L’insussistenza di un requisito primario, non preclude in termini assoluti, l’iscrizione all’albo circondariale. Infatti, in tali casi, la presunzione negativa può essere superata laddove gli elementi c.d. “secondari”, denotino una rimarchevole e indubbia qualificazione del candidato. Pertanto, l’individuazione delle “speciali competenze” dovrà essere eseguita con criteri ed esigenze di flessibilità e di interconnessione tra i requisiti primari e secondari, riconoscendo ai requisiti secondari, anche un valore integrativo, tenendo presente che, è certamente da ritenersi obbligatorio il possesso del titolo abilitante all’esercizio della professione.

COME DIVENTARE CONSULENTE O PERITO

Se il professionista ha maturato la convinzione di intraprendere l’attività di consulente o di perito deve presentare, secondo le modalità previste dal proprio Tribunale circondariale di riferimento (considerando in via prioritaria la residenza anagrafica e in seconda istanza quella professionale), una apposita domanda, corredata di marca da bollo e versamento di concessione governativa (alcuni tribunali richiedono tale versamento solo successivamente all’avvenuta approvazione della domanda).

È opportuno per questo consultare il sito del proprio tribunale nell’apposita sezione CTU e Periti, e facendo riferimento alle informazioni per la compilazione della domanda e per la sua presentazione (che prevede l’allegazione di un Curriculum professionale, scientifico e di studio).

Si ricorda che il Tribunale procederà a richiedere al proprio Ordine professionale di afferenza un parere previo. Risulta per questo indispensabile che le informazioni presentate nella domanda di iscrizione all’albo siano anche in possesso del proprio Ordine professionale.
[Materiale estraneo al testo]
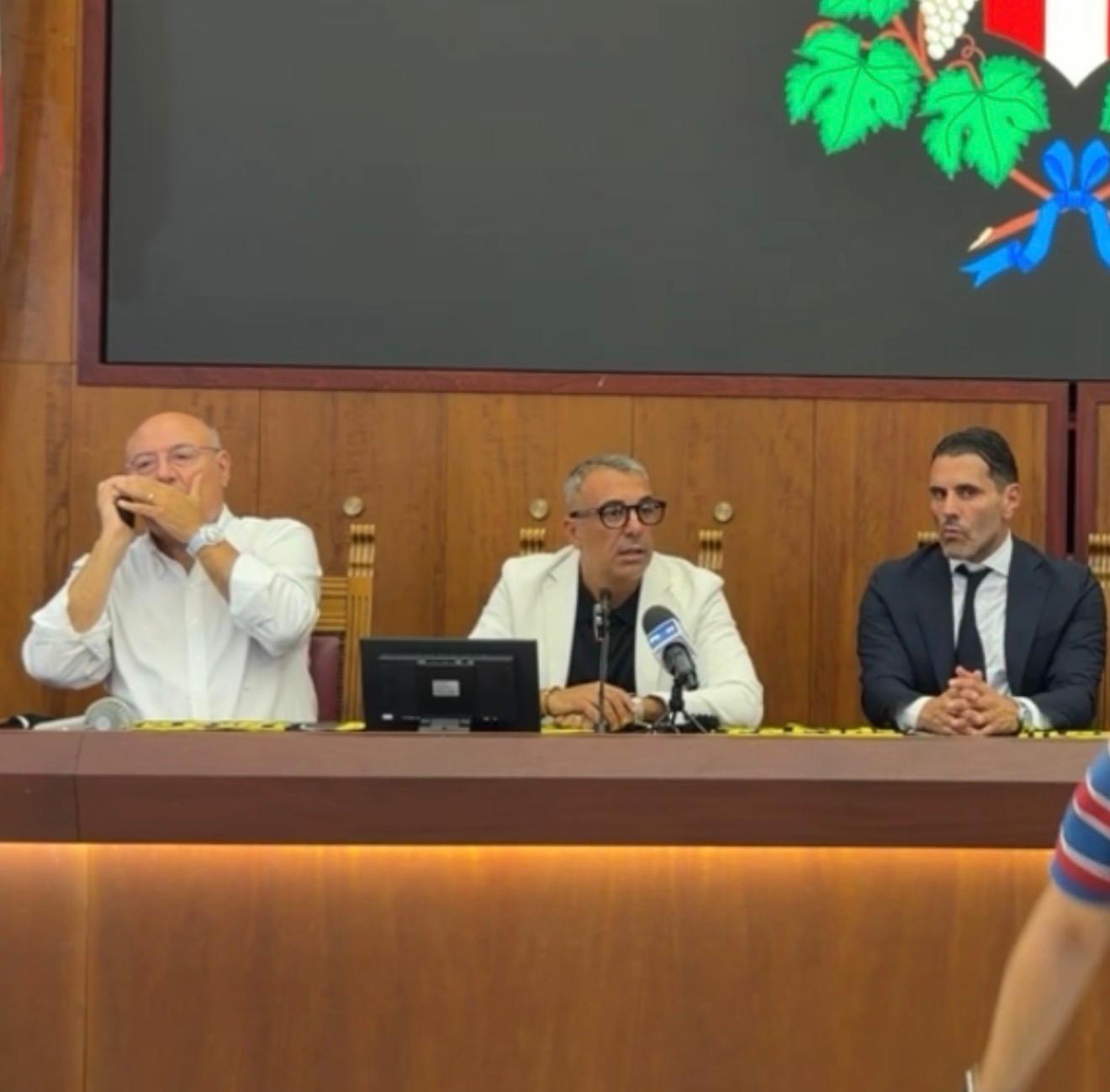 «Nessuno ci ha mai detto nulla», peccato ci sia il video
Infatti “l’attività istruttoria dei comitati per l’Albo dei periti e dei consulenti presso il Tribunale, si avvale in particolare della partecipazione degli Ordini professionali, attraverso un previo esame delle domande pervenute a cui possono utilmente portare al Comitato proprie osservazioni e annotazioni con riferimento alla corrispondenza tra le informazioni dichiarate nella domanda e quelle possedute presso le rispettive anagrafe”.

Naturalmente sia l’iscrivendo, sia l’Ordine e il Tribunale nel valutare la domanda pervenuta dovranno tenere conto dei requisiti individuati dall’Accordo nazionale, come prima descritti.

È bene inoltre considerare che ciascun Tribunale può, inoltre, disciplinare l’iscrizione all’albo secondo opportuni accordi locali e l’adozione, oltre a quanto espressamente previsto per legge e dall’Accordo nazionale, ulteriori parametri.

Questa Federazione è a disposizione:

  • dei professionisti che intendano iscriversi nell’Albo dei consulenti e dei periti per qualsiasi supporto ed informazione, anche attraverso specifici momenti di formazione;
  • degli Ordini territoriali, per supportarli nella definizione delle pratiche sottoposte per la valutazione dei titoli.

IL RUOLO DEGLI ORDINI TERRITORIALI

a recente introduzione della Legge 24/2017, con le modifiche apportate dall’art. 15 alla nomina dei consulenti e dei periti e dell’Accordo tra CSM-CNF e FNO TSRM e PSTRP, non ha permesso una omogena attuazione dei principi in esso contenuti.

Ciascun Ordine:

  • potrà farsi promotore presso i Tribunali ricadenti nel proprio territorio della sottoscrizione di appositi “Accordi locali” per garantire la presenza, nei rispetti albi circondariali di sezioni riservate ai professionisti afferenti uno degli Albi professionali istituiti nel proprio Ordine e a cui affidare consulenze e perizie;
  • esaminare previamente, secondo i criteri individuati nell’Accordo nazionale e negli accordi locali, le domande di iscrizione presentate.

Su questi aspetti risulta indispensabile da parte del candidato fornire anche al proprio Ordine ogni elemento utile per l’esame della domanda presentata in Tribunale.

Gli Ordini potranno predisporre opportuni programmi formativi e/o aggiornamenti anche in  raccordo con le attività poste in essere a riguardo dalla Federazione nazionale.

Anche per ciascun Ordine professionale questa Federazione nazionale resta a disposizione per ogni eventuale chiarimento ed assistenza.